In 2009, photographer and professor Richard Benson suggested, “[t]raditional chemical photography is an extraordinarily flexible field, which, even as it disappears, has hardly been touched.”[5] As analog photography languishes on the heels of perpetual innovations in the field of digital technology, McCaw’s use of traditional photographic materials to unparalleled effect suggests that perhaps we have prematurely discounted the potential of these tools. Through the combination of photography’s most basic elements – light, a lens and time – he creates pictures that challenge established notions of how this medium operates and what it can achieve.
[1] Peter Galassi, “Old Worlds, Modern Times,” in Henri Cartier-Bresson: Modern Century, New York: The Museum of Modern Art, 2010, p. 40.

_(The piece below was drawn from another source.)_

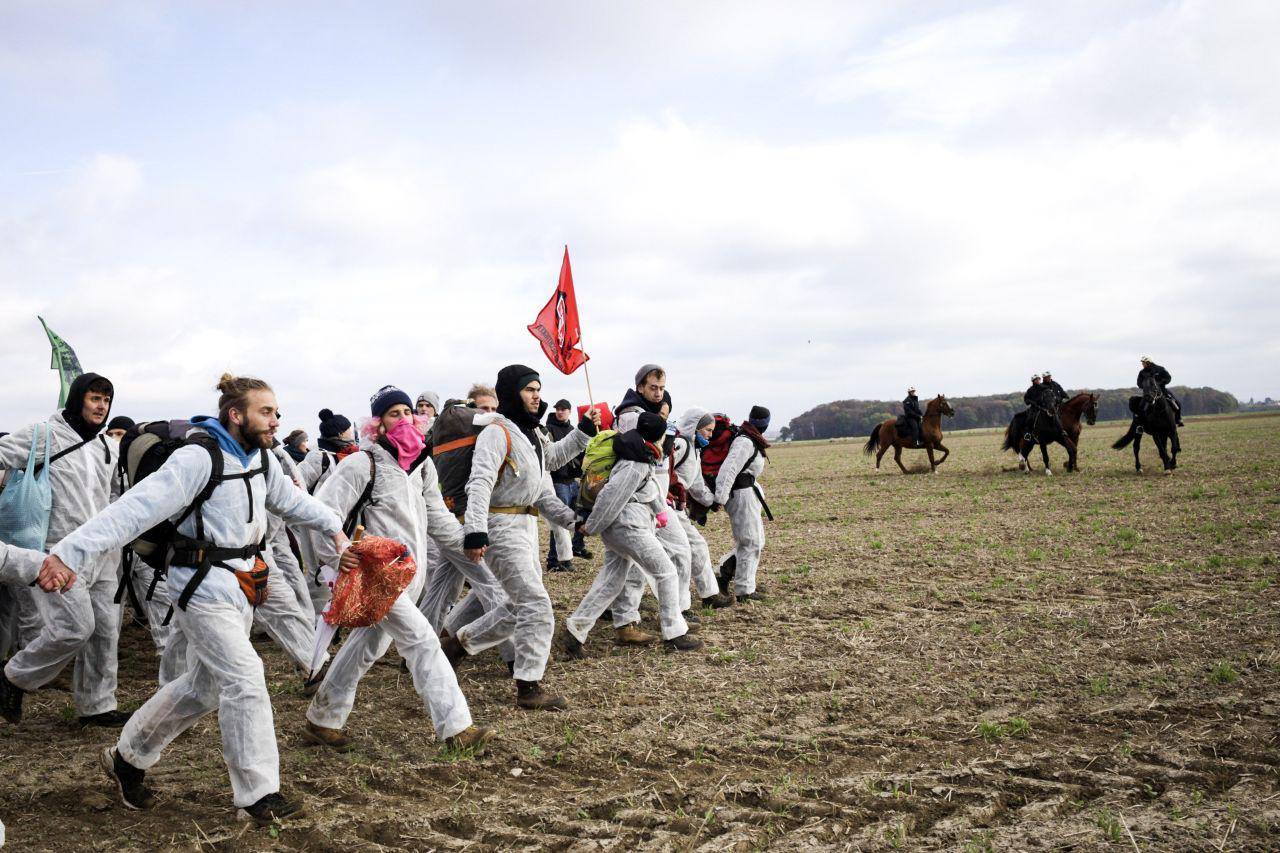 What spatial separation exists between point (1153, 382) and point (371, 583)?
2001 cm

[2] Maria Morris Hambourg, “Carleton Watkins: An Introduction,” in Carleton Watkins: The Art of Perception, New York: Harry N. Abrams, 1999, p. 11.
[3] Ibid, p. 12.
[4] Lucio Fontana in conversation with Tommaso Trini, July 19, 1968, in Exhibition Catalogue, Amsterdam, Stedelijk Museum; London, Whitechapel Art Gallery, 1988, p. 34).
[5] Richard Benson quoted by Darius Himes, “The Printed Picture, by Richard Benson (MoMA, 2010),” Aperture 194, Spring 2009.